For the ninth year in a row, Emanuel’s Lutheran Church is bringing Ash Wednesday to the people of Seguin with the convenient drive-thru format. Marcus Bigott, senior pastor at Emanuel’s Lutheran Church, says “Ashes-to-Go” enables busy people to receive ashes and a blessing from clergy representing both First Presbyterian and Emanuel’s Lutheran Churches.

Bigott says during Wednesday’s lunch hour from noon to one, the parking spaces adjacent to Emanuel’s on Gonzales Street, will become the unconventional home to a historic Christian tradition of receiving a cross of ashes at the beginning of the holy season of Lent.

“Ash Wednesday begins the season of the church year that we call Lent. From the very early days of the Christian faith, there was a time that we as Christians remembered Christ’s passion, his death, his crucifixion and as well as how it ended with the resurrection and Easter Sunday, so Ash Wednesday begins that time of the church year. It has been, as I said from very very on, even back to the Middle Ages, this has been something celebrated by Christians,” said Bigott. 

Pastor Bigott says for years the event has been held in the Guadalupe Valley Habitat for Humanity ReStore parking lot. He says although this year’s new location is still just around the corner, pastors are ready to greet anyone who pulls into the drive-thru lane whether on foot, bicycle, or vehicle.

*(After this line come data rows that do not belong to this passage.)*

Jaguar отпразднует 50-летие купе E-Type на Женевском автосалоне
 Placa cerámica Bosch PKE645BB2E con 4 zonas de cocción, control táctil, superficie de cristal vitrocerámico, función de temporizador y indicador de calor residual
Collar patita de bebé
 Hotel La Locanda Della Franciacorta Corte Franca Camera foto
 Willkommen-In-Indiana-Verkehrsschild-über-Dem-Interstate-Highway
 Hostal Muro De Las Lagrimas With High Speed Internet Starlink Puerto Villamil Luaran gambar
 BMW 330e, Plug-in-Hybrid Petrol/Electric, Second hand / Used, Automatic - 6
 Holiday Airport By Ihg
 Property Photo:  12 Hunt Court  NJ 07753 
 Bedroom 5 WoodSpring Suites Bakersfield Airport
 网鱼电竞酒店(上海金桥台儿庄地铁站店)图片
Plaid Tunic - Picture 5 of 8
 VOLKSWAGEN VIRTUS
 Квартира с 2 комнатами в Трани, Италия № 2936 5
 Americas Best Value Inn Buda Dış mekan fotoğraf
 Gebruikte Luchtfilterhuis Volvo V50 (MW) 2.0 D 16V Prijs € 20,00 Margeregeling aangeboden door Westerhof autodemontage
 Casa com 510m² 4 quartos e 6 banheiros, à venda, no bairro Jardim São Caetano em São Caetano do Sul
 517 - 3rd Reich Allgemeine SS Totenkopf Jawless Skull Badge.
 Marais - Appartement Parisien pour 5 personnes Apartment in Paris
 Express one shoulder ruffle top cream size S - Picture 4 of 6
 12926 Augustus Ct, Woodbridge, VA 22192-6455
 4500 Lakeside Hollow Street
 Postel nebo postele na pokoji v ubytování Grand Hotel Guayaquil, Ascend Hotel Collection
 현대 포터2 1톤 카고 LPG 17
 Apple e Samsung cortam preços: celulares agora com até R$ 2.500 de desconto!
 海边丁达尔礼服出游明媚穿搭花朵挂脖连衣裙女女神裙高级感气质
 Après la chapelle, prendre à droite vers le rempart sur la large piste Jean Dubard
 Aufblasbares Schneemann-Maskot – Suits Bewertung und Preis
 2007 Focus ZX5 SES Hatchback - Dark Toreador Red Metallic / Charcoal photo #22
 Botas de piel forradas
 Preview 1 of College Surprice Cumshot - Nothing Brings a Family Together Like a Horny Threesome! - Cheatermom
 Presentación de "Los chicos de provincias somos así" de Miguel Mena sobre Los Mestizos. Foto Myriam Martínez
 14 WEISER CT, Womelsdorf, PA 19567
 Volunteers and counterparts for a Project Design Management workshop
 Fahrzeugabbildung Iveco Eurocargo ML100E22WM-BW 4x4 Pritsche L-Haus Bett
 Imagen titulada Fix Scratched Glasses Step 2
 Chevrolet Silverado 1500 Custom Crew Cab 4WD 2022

“It started out of a way of engaging our community where our community is. Not everyone has the ability to leave work or to take the time from work to join a church service that happens in the middle of the day or a church service that happens at night but wanted to be a part of the ritual and be a part of the worshipping community and so our predecessors here at Emanuel’s and I know other pastors around the nation have done so is created a space where we engage the community both in both prayer and marking one another with the sign of the cross with the words ‘remember that you are dust and to dust you shall return.” But then also, that afforded us something really unique during the pandemic which was a safe way to engage one another outside with a symbol that kept us connected as a Christian community. I know here at Emmanuel’s; we saw actually an uptick in our participation in 2020 as stuff was really heating up. We saw the world shut down in March and then 2021, it was really a sign of hopefulness that we were returning to rhythms that were familiar,” said Bigott.

He says over the years, the event continues to grow attracting more and more people. He says latest record show anywhere up to 75 participants during that one-hour timeframe.

This year’s participants are asked to follow the signs along Court Street directing them down Bowie and Gonzales Streets.

Other churches such as St. James Catholic Church and Our Lady of Guadalupe Church will also be hosting their own respective services. Multiple Ash Wednesday services are being scheduled at these and other various churches throughout the day.